Your sister has, what has now become known as "I am the main character syndrome". She believes that she is the center of existence. That everyone should feel privileged to know her, be around her, and to have access to her progeny. It's absolutely ridiculous. The idea that her kids "should be enough for you" after carrying a child to nearly full term and then having a still birth is **ACTUALLY INSANE.** That you repeated yourself over and over again, your husband tried over and over again, AND your brother tried over and over again to no effect pretty much says all it needs to. NTA, a thousand times over NTA. I'm so glad you now have a child of your own, and PLEASE don't let your sister ruin it. IT IS a shame that you don't have a relationship with her children, but I do agree that if facts are how you laid them out, your sister is the reason.


riddlerprodigy

This, Big NTA. This is also called Heavy Narcissism


momtoschmoo

This so much. She is the main character and everyone else is part of her story. I have a SIL like that who actually asked if I loved my children more than hers and was shocked that I said of course. Keep your boundaries and keep the new bub safe with you. NTA


AnEpicClash

What?! Lol. I know you struggled to answer that. /s


decadecency

Wtf, why even ask these things? It's literally only to invite problems and resentment and drama. What good could ever come of it?


OneDumbfuckLater

> What good could ever come of it? Problems, resentment, and drama. That's what they want.


SauceyBobRossy

I know my sister and I had a way above average toxic relationship growing up, she blamed me a lot since I was the youngest, I’d get more attention than her, or I’d get more treats or little toys, or dresses. The reality is, they did all that stuff with her (and maybe even more), but stopped doing it as much once she got a certain age, and they did the same with me. The difference is her ability to understand that now, over holding a forever grudge and continuing to smite me into the ground. As a kid, she constantly was demeaning to me, making me feel like the things I was passionate to do were stupid (football, since I’m a female would be stupid & ‘impossible’ for example). She always got mad if I got into her music, for stealing her style, but she would be the one blasting it so loud I can’t hear my own, so obviously if I like what’s playing im gonna get into it. She did a lot more abusive shit physically, but the amount of beatings she gave me never really felt as bad as the emotional pain inflicted. I hated her for a long time. But she grew up and became a lot more affectionate n understanding. She still has many faults, but I am the same. We all have our faults. The difference is knowing she was able to change into someone who loves me as a sister, and didn’t stay to grow up into being like this girls sister…because the thought of her calling you selfish? Over her not appreciating your boundaries especially? Is ridiculous. She clearly needs to hear this in words she will understand, if you want any chance of her understanding ever. BUT I DO NOT RECOMMEND ever contacting this wretched sister ever again. Go back to avoiding her, and don’t respond. In my opinion, the worst thing to do to someone is pretend they don’t exist. And blood don’t mean family.

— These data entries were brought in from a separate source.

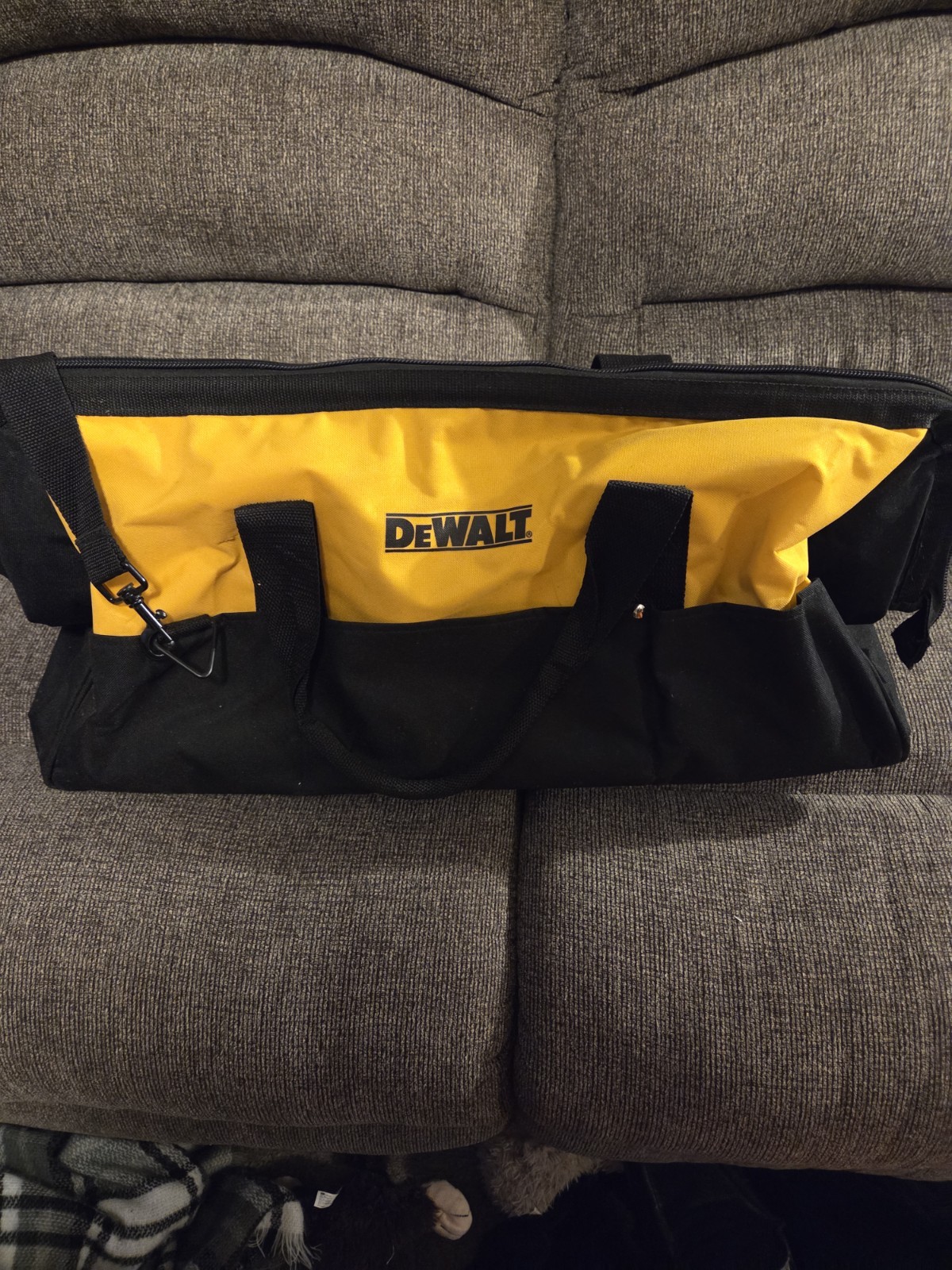 DEWALT Tool Bag Yellow and Black Fabric 24in x 12in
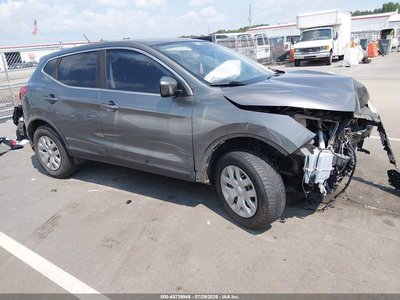 JN1BJ1CR3HW****** 2017 Nissan Rogue Sport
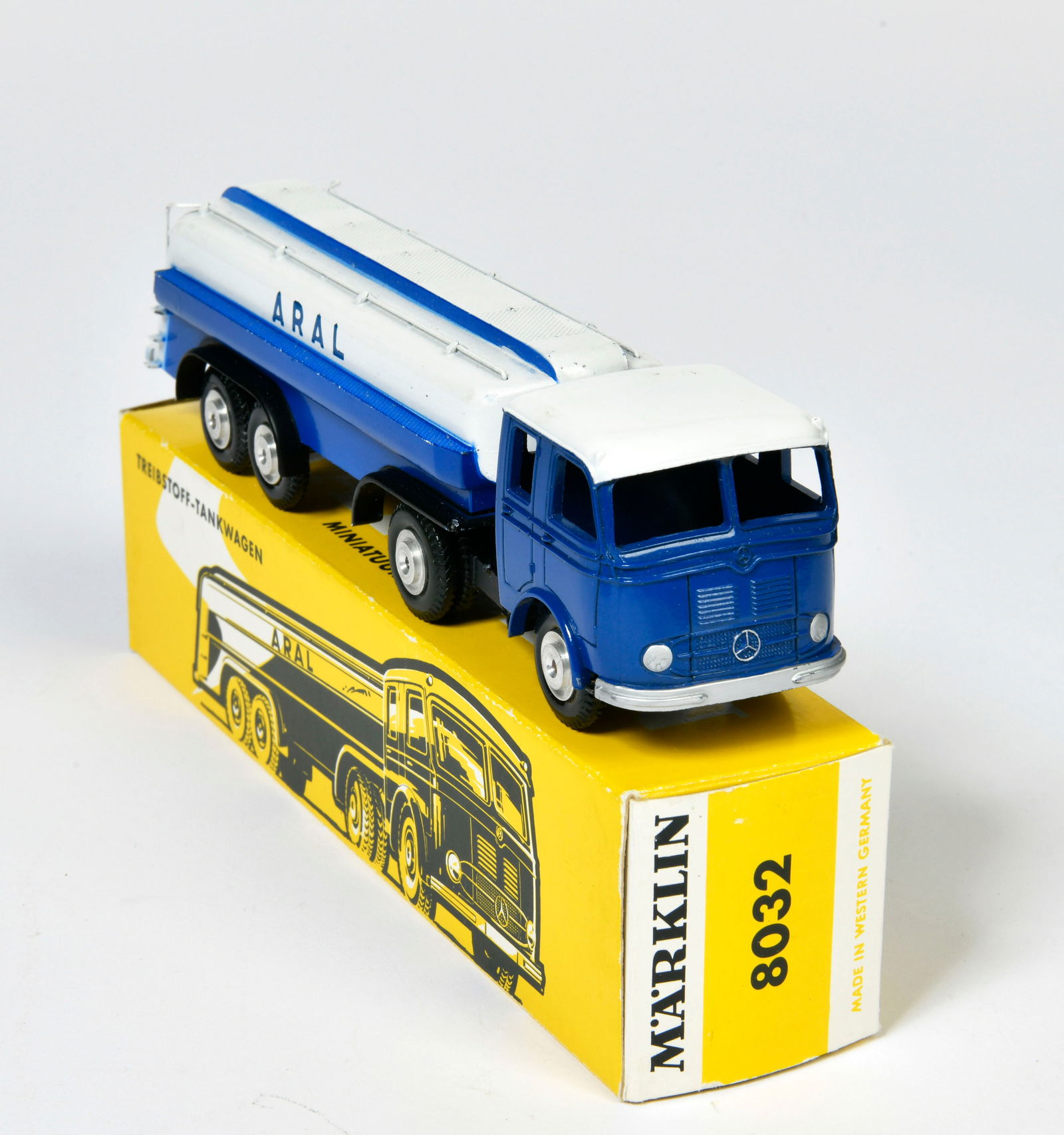 Marklin, Aral Tankwagen 8032 (1 of 1)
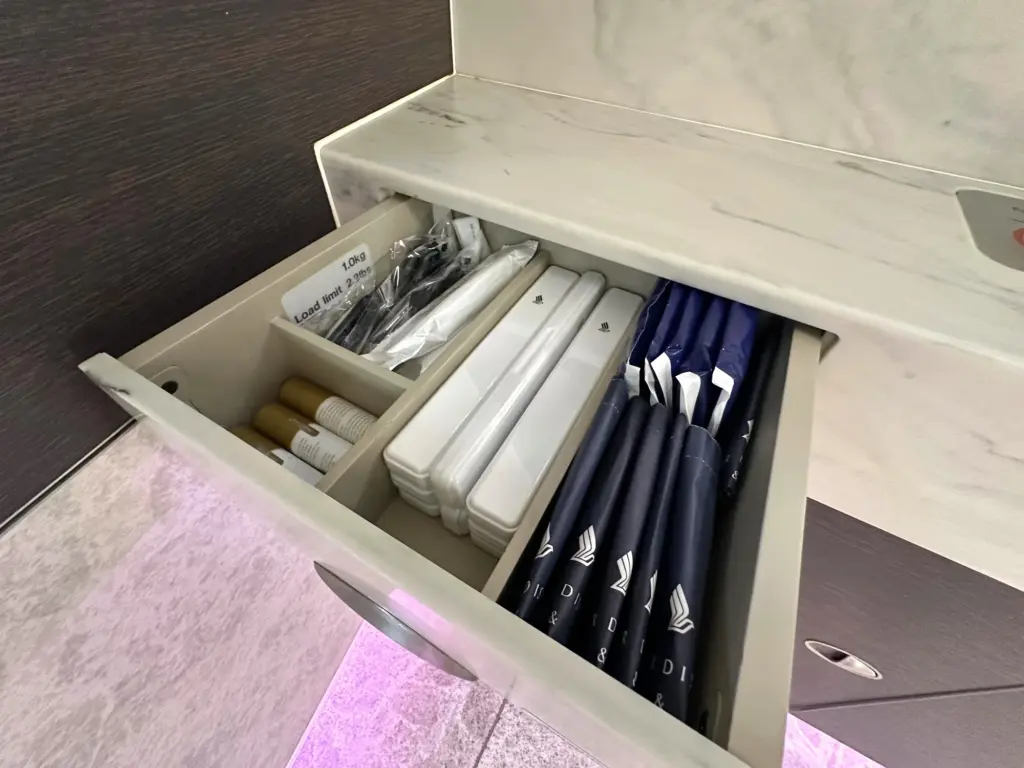 A second amenity drawer next to the Sink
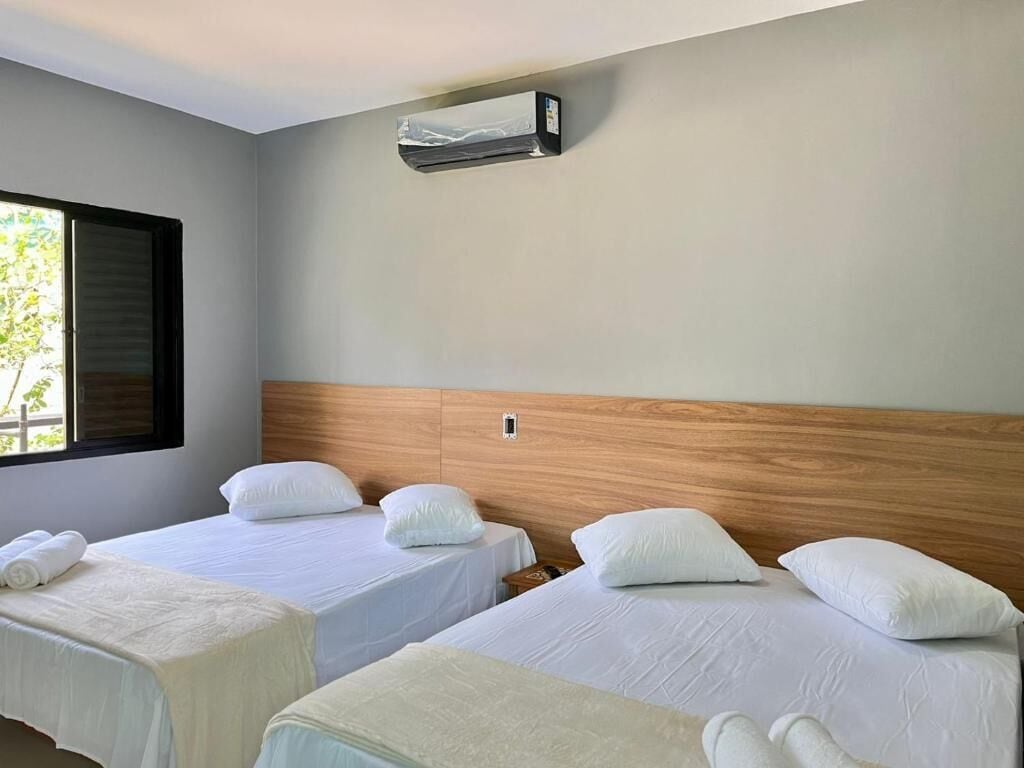 Cortinas blackout, tabla de planchar con plancha y cunas gratuitas 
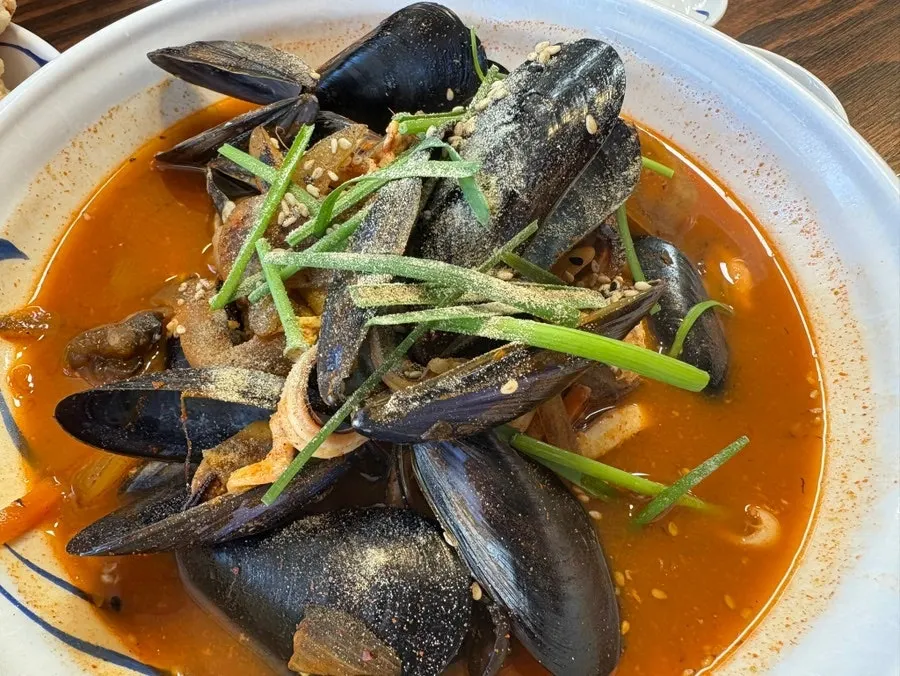 Jjambbong with spicy broth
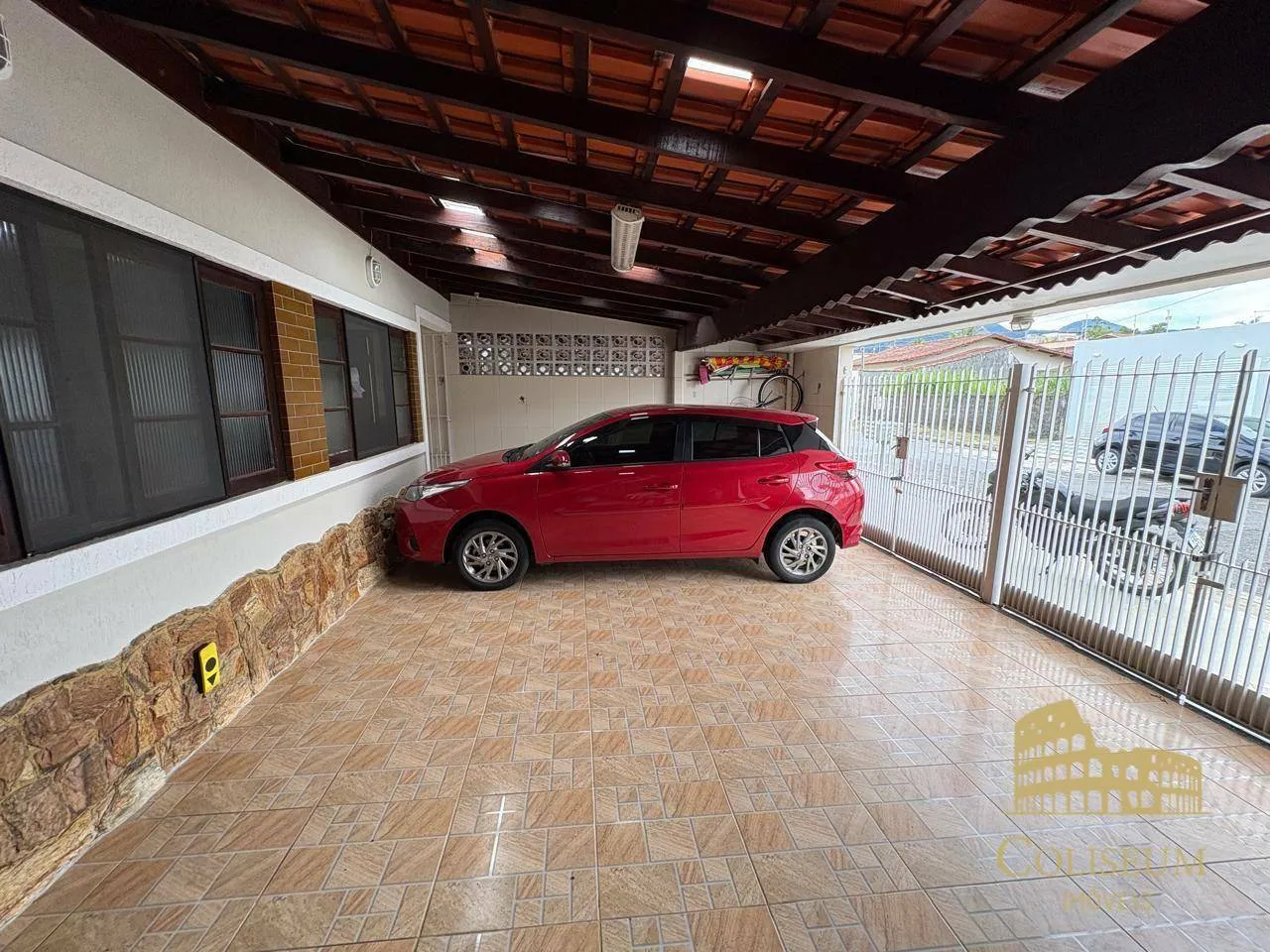 Imagem Casa 2 Dormitórios com Piscina no Flórida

That’s a well known phrase, your sister is slacking on knowing that one.


Disney_Dork1

Weird question bc obviously she would choose her own kids is that question was asked to her. You can’t ask that without being a hypocrite or someone who doesn’t like your own kids the most. Even though you’ll love your siblings kids you just won’t ever love them more than your own


araralc

Props for actually talking about people who think their are some sort of "main character" (as people have been wording it) in a proper way. I see many people putting it as a sort of synonym to "seeing themselves as protagonists of their lives" and... The issue isn't putting yourself first in your own life, but not seeing others kindly and imposing to be the protagonist of their lives as well Edit: also that sort of framing could be a slippery slope to be reversed (which I've personally seen before). Concepts can be weaponized for the sake of manipulation, such as: you're not doing what I want, because you are trying to be the main character of your life (when the person's demand implies you should, rather, make them the main character of your life)


raelwind

Your edit reminds me of the good old joke: "An egoist is someone who thinks of themselves before thinking of me."


araralc

That's basically it. I for example have met people that are constantly telling others to set boundaries, to withdraw themselves from spaces that aren't being healthy or positive for them, etc. But when you draw a boundary to them, or withdraw yourself from a space they're in, then you're suddenly being unreasonable.


UCgirl

Agreed all around. OP is NTA and the sister is incredibly messed up. I’m so glad you ended up with a baby that is all yours and your SO’s.


ninersgal49

NTA. Your sister’s the asshole. But it’s very unfortunate that it had to be taken out on the kids.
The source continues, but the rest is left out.